Foucault e Deleuze descrevem a passagem das instituições de confinamento e disciplina (do adestramento individual do corpo a rotinas) para uma sociedade de controle em redes a céu aberto, através de “cifras e senhas”. Sociedade de controle se tornaria possível ainda graças ao comportamento instituído pelo regime da “moratória ilimitada’ – um aperfeiçoamento cibernético da culpa cristã – uma obsessão psicológica pelo ressarcimento da dívida social individualizada.

Hoje, com a implosão da cultura de massas promovida pela segmentação interativa da internet, a realidade social descrita pelos pós-modernos há muitas décadas tornou-se mais evidente e a ‘centralidade da mídia’ se tornou ainda mais complexa e fragmentada, se multiplicando e dividindo de diferentes modos e formas, pulverizando a visibilidade em universos culturais variados e paralelamente simultâneos. O próprio termo ‘pós-moderno’ significa que a contracultura acabou com a modernidade – o que pode ser interpretado de várias formas e modos.

Pierre Levy (1993), por exemplo, considera que as sociedades tradicionais anteriores à escrita se caracterizavam por um modelo de interação ‘um-um’, em que o emissor e receptor partilhavam de um único contexto e vivem em um tempo cíclico. Para ele, as sociedades modernas se caracterizam pela interação unilateral ‘um-muitos’, um contexto de transmissão e muitos de recepção. A escrita gerou a história, a noção de tempo contínuo e linear e a ilusão do observador externo. E as sociedades atuais em rede, segundo Levy, se organizam elo modelo de interação ‘muitos-muitos’, em que todos transmitem e recebem, havendo um retorno ampliado ao contexto único dos interlocutores e à percepção de tempo simultâneo.

Já outros autores como Anthony Giddens (2003) consideram que a modernidade não acabou, apenas entrou em um estágio mais avançado de reflexibilidade.
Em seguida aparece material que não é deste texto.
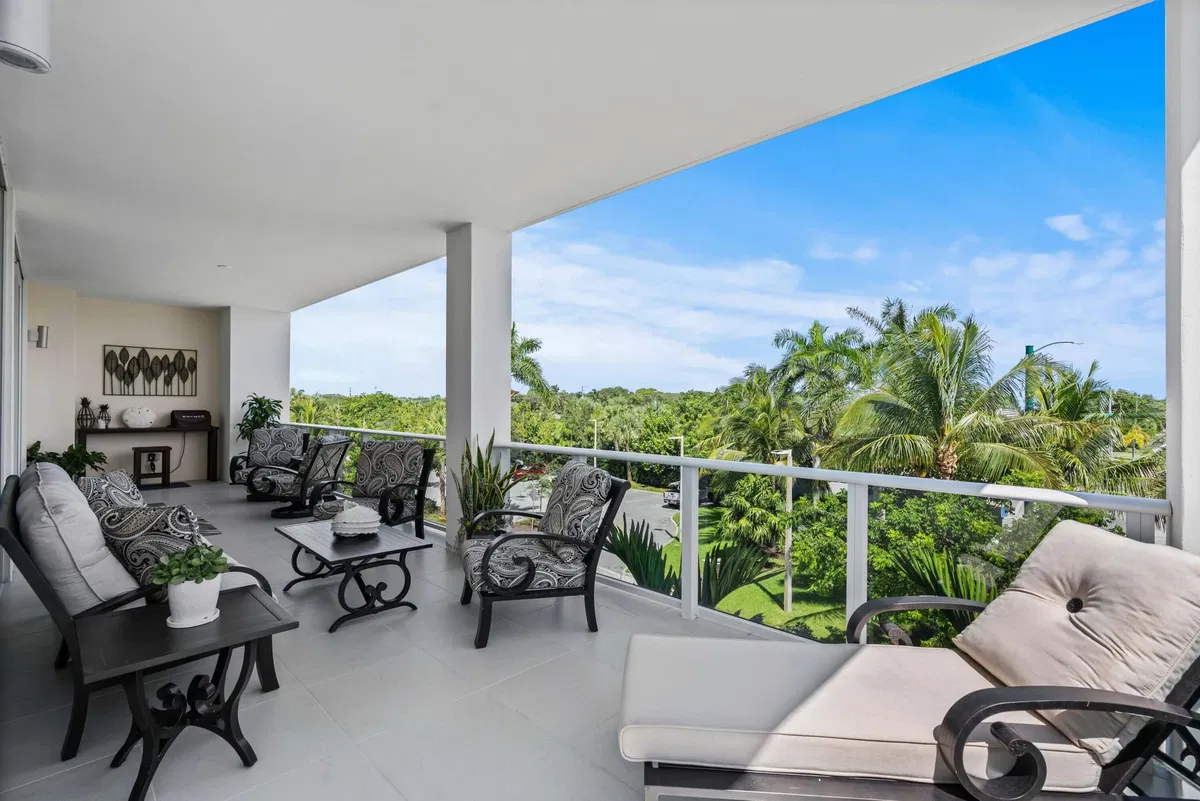 Azure Palm Beach Gardens Unit 301 photo 34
Para ele, a tradição é uma reflexibilidade entre o passado e o presente; e a modernidade, uma reflexibilidade entre o presente e o futuro. Com a contracultura, entramos em uma sociedade de risco (individualizando vidas em aventuras), em que a realidade moderna se globaliza ainda mais em relação aos bens simbólicos, hoje industrializados através da mídia por idioma.
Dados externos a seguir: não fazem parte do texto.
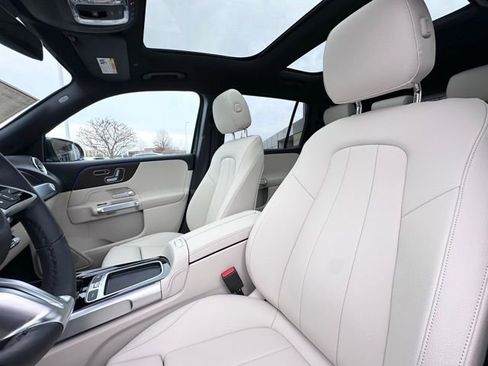 New 2026 Mercedes-Benz GLB 250 4MATIC image 22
 O certo é que tanto para os que pensam a sociedade atual através de centralidade da mídia na produção de bens simbólicos, quanto para os que acreditam no fim da modernidade, a contracultura é um marco histórico de várias mudanças sociais, não apenas em relação à interferência da comunicação no cotidiano, mas também em relação ao meio ambiente e ao universo feminino.